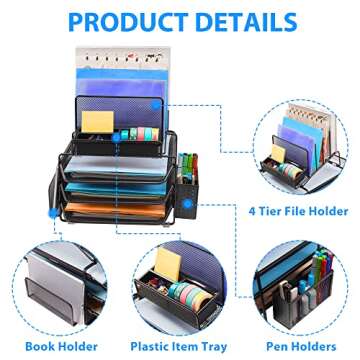 DESIGNA Stackable Mesh Desk Organizer - Stylish & Functional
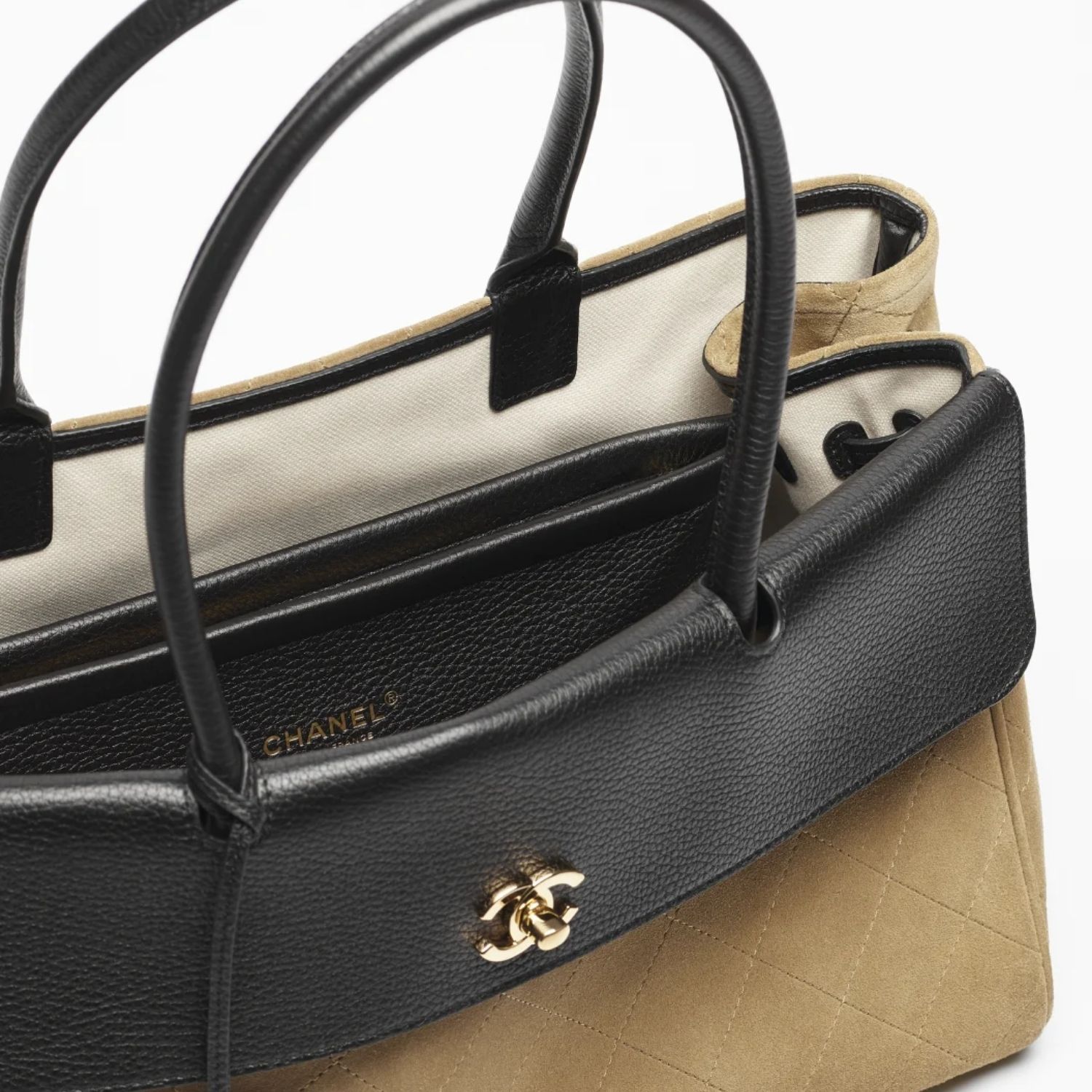 Chanel Shopping Tote Bag 15in/ 38cm Dark Beige/ Black Suede Gold Hardware For Women AS6428-B25073-UB321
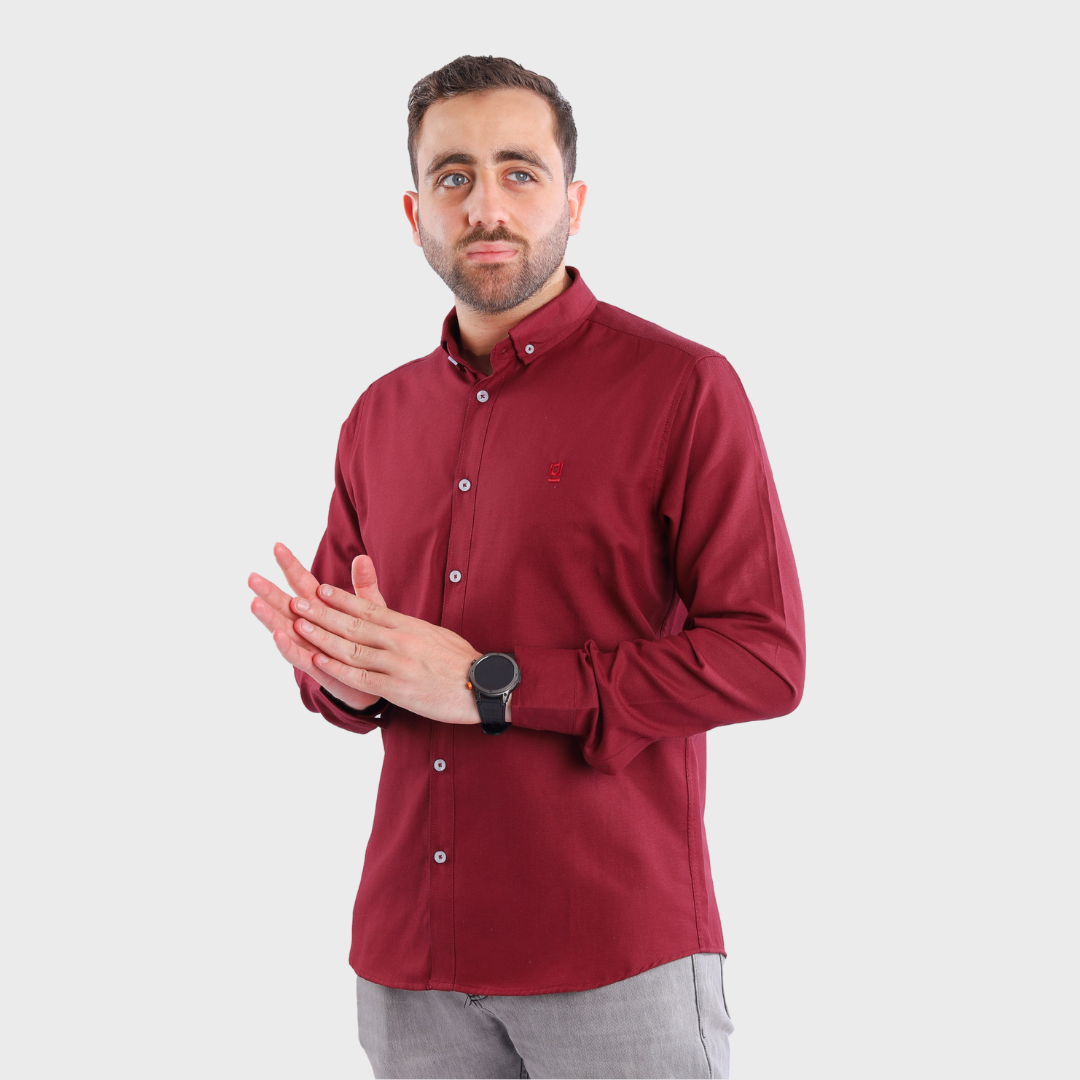 Oxford Cotton Shirt - Burgundy
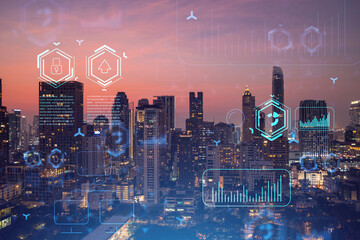 Glowing hologram of technological process, aerial panoramic cityscape of Bangkok at sunset. The largest innovative hub of tech services in Southeast Asia. Multi exposure.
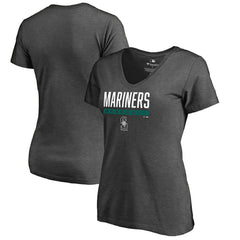 MLB Seattle Mariners Women's Win Stripe V-Neck T-Shirt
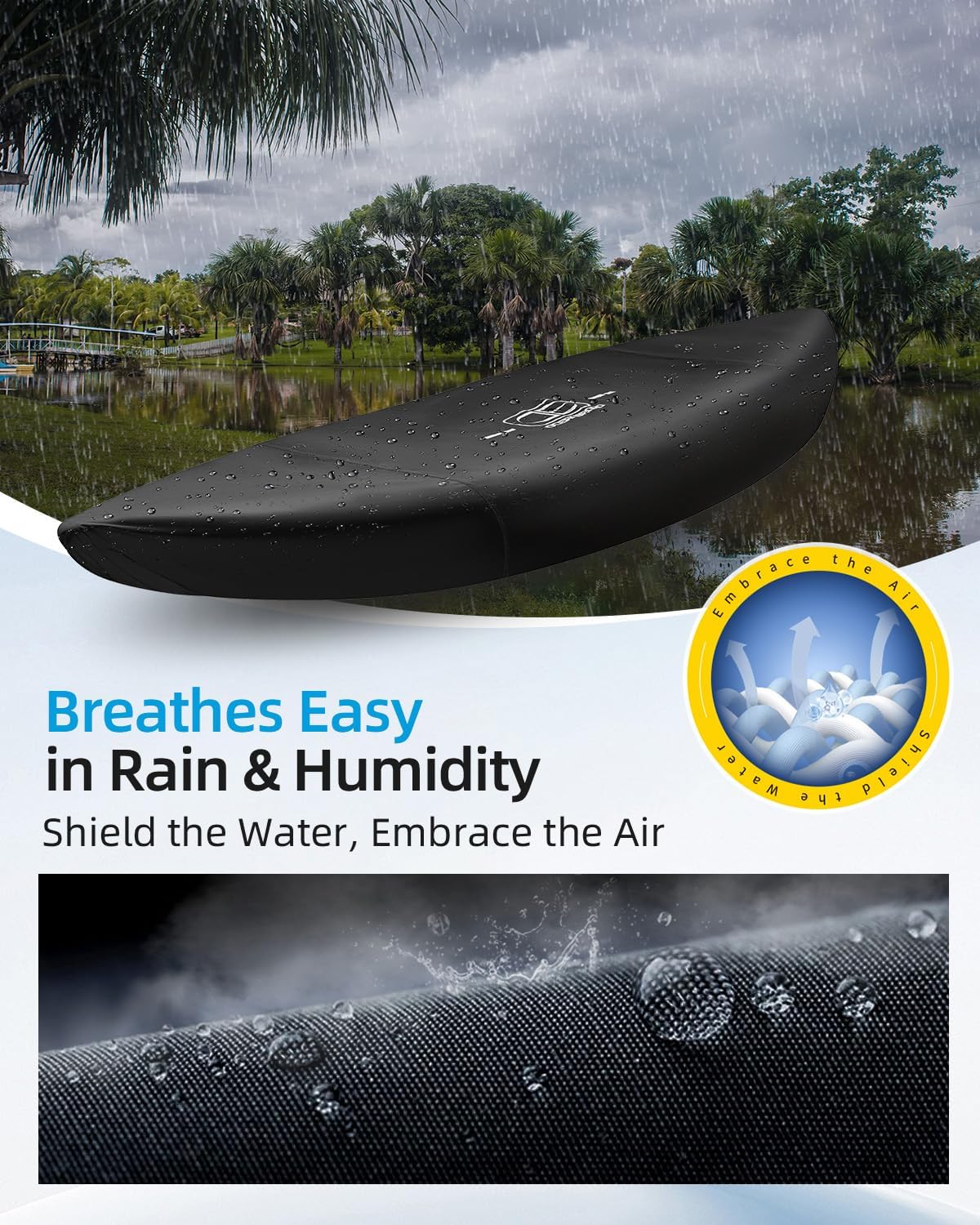 OCEANBROAD Kayak Cover - Water-Resistant & UV-Resistant Dust Protection for 9.3-10.5ft Kayaks | 300D Black
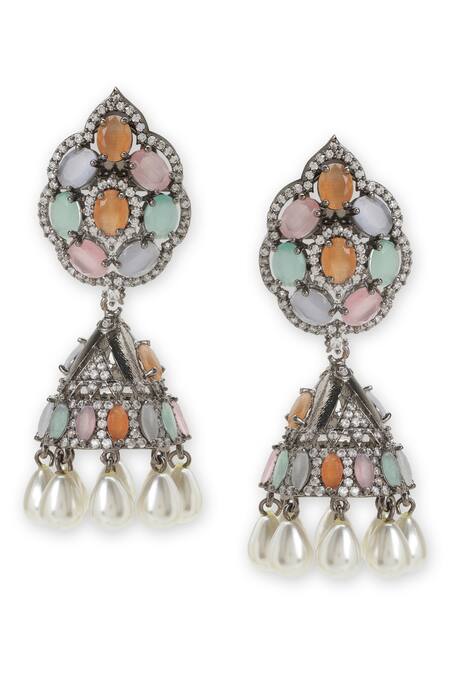 Ruby Raang_Multi Color Stones, Pearls Tear Drop Carved Jhumkas _Online_at_Aza_Fashions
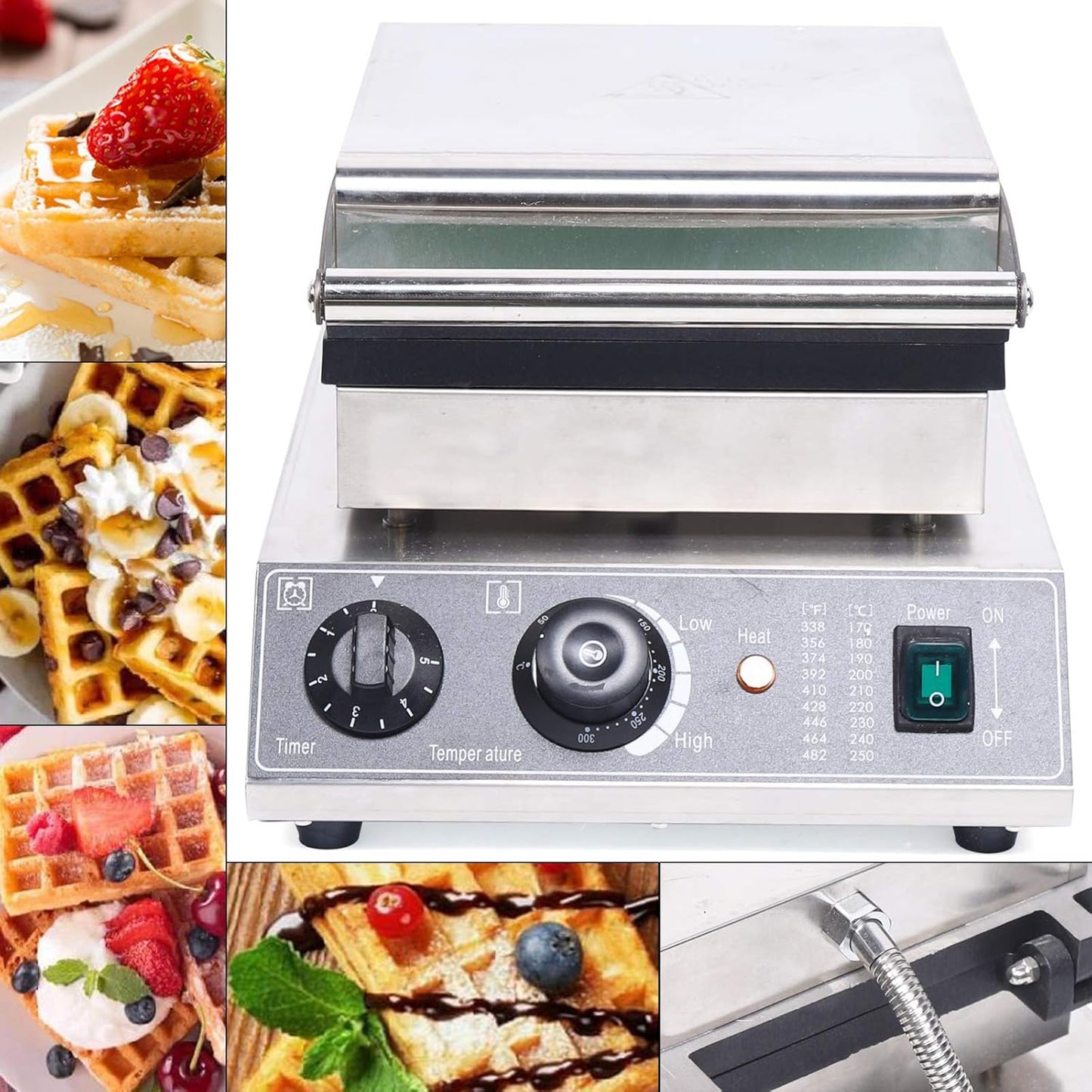 1750W Commercial Waffle Maker, 6 Grids Electric Square Waffle Maker Non-Stick Stainless Steel Belgian Waffle Iron w/Time & Temper Adjustable| Temper Comparison Table, Large Waffle Machine Restaurant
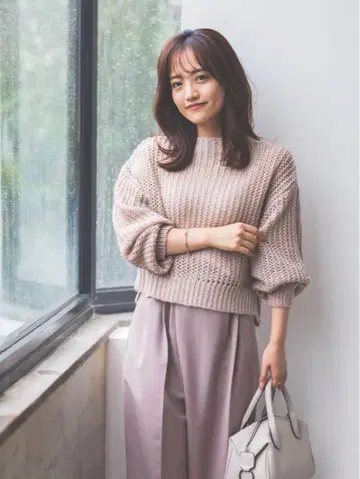 스팽글 라메 로우게이지 니트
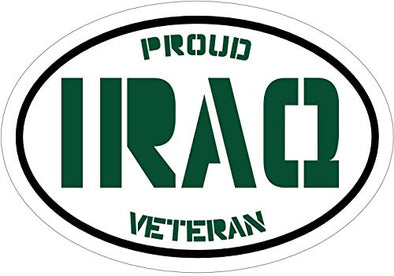 WickedGoodz Green Proud Iraq Veteran Vinyl Window Decal - Patriotic Bumper Sticker - Perfect Military Soldier Gift-WickedGoodz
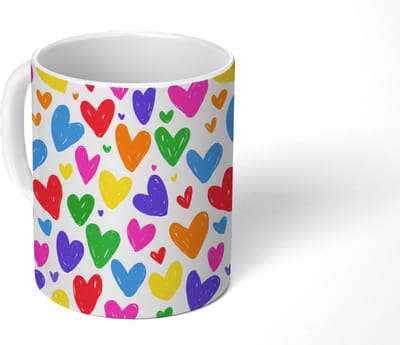 Mok - Koffiemok - Hartjes - Patroon - Kleurrijk - Tekening - Mokken - 350 ML - Beker - Koffiemokken - Theemok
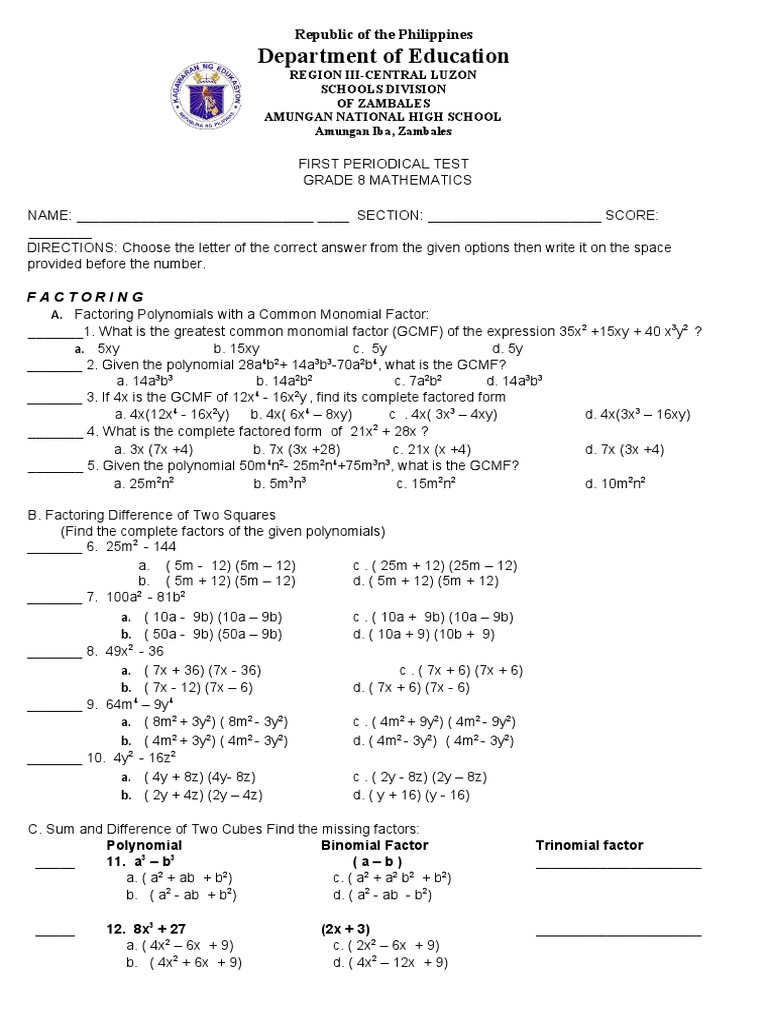 Periodical Test Math 8 PDF Rational Number Factorization
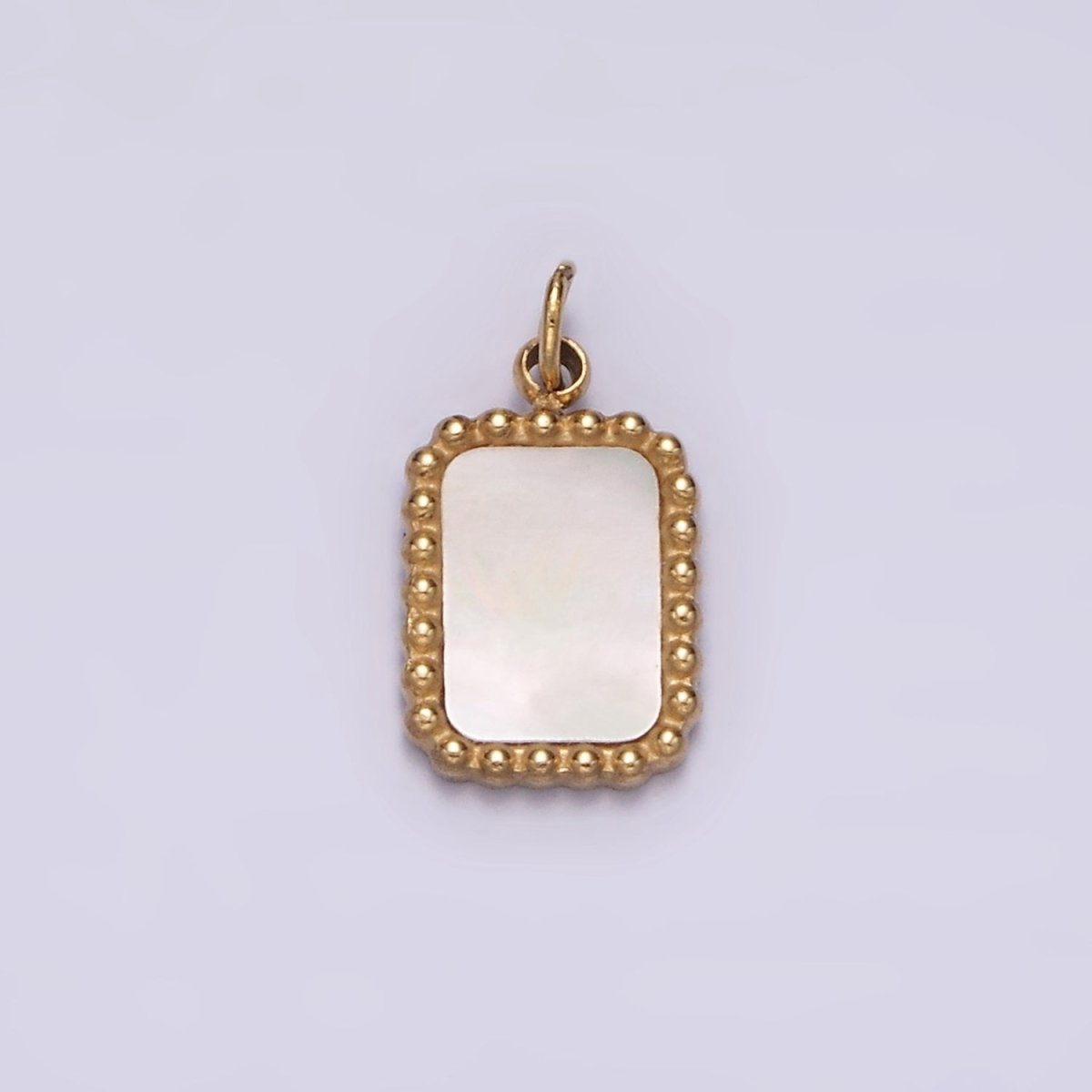 Stainless Steel Shell Pearl Dotted Outline Tag Rectangular Charm in Gold & Silver | P1314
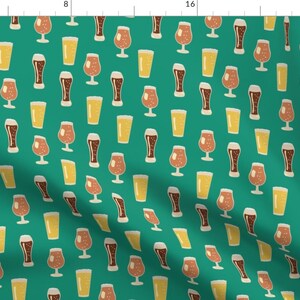 Beer Pints On Tap Fabric - Beer Drinks Connoisseur By Dk Ryland - Beer Drinks Bar Green Cotton Fabric By The Yard With Spoonflower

▶ Description of the task: Full transcription of the material, exact in every line, without images.

▶ Response:
 DESIGNA Stackable Mesh Desk Organizer - Stylish & Functional
 Chanel Shopping Tote Bag 15in/ 38cm Dark Beige/ Black Suede Gold Hardware For Women AS6428-B25073-UB321
 Oxford Cotton Shirt - Burgundy
 Glowing hologram of technological process, aerial panoramic cityscape of Bangkok at sunset. The largest innovative hub of tech services in Southeast Asia. Multi exposure.
 MLB Seattle Mariners Women's Win Stripe V-Neck T-Shirt
 OCEANBROAD Kayak Cover - Water-Resistant & UV-Resistant Dust Protection for 9.3-10.5ft Kayaks | 300D Black
 Ruby Raang_Multi Color Stones, Pearls Tear Drop Carved Jhumkas _Online_at_Aza_Fashions
 1750W Commercial Waffle Maker, 6 Grids Electric Square Waffle Maker Non-Stick Stainless Steel Belgian Waffle Iron w/Time & Temper Adjustable| Temper Comparison Table, Large Waffle Machine Restaurant
 스팽글 라메 로우게이지 니트
 WickedGoodz Green Proud Iraq Veteran Vinyl Window Decal - Patriotic Bumper Sticker - Perfect Military Soldier Gift-WickedGoodz
 Mok - Koffiemok - Hartjes - Patroon - Kleurrijk - Tekening - Mokken - 350 ML - Beker - Koffiemokken - Theemok
 Periodical Test Math 8 PDF Rational Number Factorization
 Stainless Steel Shell Pearl Dotted Outline Tag Rectangular Charm in Gold & Silver | P1314
 Beer Pints On Tap Fabric - Beer Drinks Connoisseur By Dk Ryland - Beer Drinks Bar Green Cotton Fabric By The Yard With Spoonflower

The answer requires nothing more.